Data entries
::::
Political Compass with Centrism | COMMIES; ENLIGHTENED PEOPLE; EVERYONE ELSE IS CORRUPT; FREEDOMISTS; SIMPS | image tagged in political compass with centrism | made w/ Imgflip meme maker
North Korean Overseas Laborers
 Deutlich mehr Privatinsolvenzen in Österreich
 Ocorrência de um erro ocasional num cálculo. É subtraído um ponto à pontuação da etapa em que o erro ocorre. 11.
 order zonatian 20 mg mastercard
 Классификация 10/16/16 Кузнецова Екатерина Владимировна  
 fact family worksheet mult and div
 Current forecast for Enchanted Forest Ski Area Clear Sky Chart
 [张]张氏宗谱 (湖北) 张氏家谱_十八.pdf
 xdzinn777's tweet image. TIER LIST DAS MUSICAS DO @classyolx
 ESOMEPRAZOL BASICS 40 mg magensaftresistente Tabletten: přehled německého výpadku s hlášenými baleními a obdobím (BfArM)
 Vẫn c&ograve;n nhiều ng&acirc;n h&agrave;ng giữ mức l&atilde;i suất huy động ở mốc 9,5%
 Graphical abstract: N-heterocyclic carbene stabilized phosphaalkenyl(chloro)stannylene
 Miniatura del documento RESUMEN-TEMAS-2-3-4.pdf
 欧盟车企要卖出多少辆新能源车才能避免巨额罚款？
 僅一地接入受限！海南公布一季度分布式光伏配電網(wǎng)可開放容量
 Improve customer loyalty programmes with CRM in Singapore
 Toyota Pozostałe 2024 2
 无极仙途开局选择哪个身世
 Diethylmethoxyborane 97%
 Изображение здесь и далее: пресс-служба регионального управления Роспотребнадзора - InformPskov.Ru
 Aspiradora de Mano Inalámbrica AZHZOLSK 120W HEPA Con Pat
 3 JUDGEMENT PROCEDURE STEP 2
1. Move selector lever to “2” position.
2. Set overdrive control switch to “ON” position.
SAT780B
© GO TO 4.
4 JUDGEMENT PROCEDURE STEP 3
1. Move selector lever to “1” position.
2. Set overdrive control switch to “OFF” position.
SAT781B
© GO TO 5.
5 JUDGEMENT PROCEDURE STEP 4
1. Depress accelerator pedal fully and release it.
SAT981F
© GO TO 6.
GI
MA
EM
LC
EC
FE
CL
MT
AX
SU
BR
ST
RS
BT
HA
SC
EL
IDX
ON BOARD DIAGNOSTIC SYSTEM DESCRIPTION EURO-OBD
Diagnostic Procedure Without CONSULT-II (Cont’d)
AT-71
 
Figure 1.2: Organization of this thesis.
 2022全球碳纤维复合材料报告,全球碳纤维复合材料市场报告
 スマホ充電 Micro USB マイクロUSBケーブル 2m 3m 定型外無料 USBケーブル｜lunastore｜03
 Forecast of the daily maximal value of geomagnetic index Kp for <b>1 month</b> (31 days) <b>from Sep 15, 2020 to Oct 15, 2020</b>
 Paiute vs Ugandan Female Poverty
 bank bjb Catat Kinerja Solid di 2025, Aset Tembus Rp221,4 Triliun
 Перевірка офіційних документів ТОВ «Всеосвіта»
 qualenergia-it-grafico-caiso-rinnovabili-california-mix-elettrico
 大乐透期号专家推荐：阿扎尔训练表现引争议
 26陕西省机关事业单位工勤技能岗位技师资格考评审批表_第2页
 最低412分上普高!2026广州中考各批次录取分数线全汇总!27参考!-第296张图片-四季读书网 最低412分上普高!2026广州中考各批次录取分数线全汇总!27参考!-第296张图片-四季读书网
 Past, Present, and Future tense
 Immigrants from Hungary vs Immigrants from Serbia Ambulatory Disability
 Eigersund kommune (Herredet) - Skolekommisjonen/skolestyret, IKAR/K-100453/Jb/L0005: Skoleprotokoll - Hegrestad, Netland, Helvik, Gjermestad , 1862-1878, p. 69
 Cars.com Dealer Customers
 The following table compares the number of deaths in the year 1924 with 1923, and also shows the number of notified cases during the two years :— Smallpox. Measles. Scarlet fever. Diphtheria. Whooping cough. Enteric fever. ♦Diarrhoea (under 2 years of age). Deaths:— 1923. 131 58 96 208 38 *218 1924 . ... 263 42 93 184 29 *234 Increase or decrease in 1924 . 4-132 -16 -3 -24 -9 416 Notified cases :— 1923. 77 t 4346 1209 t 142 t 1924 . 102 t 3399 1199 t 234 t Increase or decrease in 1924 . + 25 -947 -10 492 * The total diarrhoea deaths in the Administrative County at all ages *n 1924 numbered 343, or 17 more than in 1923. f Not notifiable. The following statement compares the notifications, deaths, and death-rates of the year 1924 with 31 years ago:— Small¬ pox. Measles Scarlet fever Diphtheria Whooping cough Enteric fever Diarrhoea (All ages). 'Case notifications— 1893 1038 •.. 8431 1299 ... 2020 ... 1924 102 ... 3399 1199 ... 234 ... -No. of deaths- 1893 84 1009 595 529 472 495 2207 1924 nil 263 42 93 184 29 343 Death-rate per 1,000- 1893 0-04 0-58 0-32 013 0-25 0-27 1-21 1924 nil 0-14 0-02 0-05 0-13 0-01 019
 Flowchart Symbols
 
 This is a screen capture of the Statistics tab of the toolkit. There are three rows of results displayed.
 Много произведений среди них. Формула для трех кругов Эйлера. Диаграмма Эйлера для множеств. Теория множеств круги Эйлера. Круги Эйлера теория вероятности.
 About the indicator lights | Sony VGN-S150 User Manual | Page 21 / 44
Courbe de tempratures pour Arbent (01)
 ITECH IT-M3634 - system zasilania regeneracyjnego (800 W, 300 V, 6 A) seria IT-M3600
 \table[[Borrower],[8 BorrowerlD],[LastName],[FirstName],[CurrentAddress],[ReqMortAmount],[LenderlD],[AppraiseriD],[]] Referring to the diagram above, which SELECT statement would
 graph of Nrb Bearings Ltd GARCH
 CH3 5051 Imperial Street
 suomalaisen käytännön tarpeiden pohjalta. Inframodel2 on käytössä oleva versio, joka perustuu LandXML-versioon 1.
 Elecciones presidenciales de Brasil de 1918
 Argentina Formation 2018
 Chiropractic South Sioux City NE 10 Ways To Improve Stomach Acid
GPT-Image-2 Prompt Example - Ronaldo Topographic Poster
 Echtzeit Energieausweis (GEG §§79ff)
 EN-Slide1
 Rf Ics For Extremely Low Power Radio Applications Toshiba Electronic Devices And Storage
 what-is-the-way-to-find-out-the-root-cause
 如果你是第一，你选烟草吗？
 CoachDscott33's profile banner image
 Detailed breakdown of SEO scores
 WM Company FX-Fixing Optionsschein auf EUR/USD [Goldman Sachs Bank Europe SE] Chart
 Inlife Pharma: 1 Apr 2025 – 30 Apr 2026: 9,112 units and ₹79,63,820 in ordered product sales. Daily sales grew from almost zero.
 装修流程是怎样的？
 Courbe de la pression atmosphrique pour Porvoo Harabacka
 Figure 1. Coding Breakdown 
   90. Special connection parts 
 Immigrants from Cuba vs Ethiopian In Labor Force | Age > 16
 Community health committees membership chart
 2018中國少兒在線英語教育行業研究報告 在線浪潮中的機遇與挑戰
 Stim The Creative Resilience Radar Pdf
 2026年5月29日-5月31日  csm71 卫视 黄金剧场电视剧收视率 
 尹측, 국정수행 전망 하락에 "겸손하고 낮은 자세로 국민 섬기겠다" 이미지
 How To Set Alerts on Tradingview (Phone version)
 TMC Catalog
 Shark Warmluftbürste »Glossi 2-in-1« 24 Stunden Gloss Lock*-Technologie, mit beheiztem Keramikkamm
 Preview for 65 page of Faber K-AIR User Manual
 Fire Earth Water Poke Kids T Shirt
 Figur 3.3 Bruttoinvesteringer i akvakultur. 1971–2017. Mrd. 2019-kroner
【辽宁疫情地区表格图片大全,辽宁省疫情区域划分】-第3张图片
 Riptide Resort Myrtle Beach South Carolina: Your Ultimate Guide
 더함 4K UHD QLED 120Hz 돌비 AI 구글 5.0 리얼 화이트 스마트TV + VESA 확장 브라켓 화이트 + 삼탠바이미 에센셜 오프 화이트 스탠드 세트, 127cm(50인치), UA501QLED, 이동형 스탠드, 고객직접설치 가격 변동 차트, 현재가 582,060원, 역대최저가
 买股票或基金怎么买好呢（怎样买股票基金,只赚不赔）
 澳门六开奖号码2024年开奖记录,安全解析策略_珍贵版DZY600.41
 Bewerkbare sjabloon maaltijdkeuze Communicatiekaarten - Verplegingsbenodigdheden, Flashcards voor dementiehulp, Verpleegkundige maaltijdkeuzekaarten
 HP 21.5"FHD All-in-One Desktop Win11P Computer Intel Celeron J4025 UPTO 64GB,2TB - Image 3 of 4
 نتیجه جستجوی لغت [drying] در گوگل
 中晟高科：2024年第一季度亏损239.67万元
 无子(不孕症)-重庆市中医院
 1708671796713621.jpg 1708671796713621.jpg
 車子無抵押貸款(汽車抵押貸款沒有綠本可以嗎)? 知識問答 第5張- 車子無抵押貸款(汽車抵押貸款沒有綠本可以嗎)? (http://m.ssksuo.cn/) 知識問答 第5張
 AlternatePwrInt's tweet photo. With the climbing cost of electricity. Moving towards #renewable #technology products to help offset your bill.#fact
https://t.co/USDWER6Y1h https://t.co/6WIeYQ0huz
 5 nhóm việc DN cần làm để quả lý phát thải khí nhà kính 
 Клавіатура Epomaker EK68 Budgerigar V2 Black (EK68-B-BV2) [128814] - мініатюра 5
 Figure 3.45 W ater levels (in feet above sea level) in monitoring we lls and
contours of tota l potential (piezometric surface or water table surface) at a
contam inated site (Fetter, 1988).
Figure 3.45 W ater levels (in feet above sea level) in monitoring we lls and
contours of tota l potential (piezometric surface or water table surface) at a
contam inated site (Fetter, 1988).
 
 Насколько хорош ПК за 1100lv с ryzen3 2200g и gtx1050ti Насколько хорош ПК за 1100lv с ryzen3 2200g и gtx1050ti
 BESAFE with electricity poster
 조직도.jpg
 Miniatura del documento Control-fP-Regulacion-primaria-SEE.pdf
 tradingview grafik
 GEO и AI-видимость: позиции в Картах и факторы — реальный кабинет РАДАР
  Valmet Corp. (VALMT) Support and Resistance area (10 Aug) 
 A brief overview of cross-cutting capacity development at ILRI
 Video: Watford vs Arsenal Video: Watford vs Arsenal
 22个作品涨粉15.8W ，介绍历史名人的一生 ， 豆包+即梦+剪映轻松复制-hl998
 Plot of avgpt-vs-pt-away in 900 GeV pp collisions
::::
=== Exercise directions ===
For the word "Immigrants", find all matching lines in the entries above and copy them out.

=== Written solution ===
 Immigrants from Hungary vs Immigrants from Serbia Ambulatory Disability
 Immigrants from Cuba vs Ethiopian In Labor Force | Age > 16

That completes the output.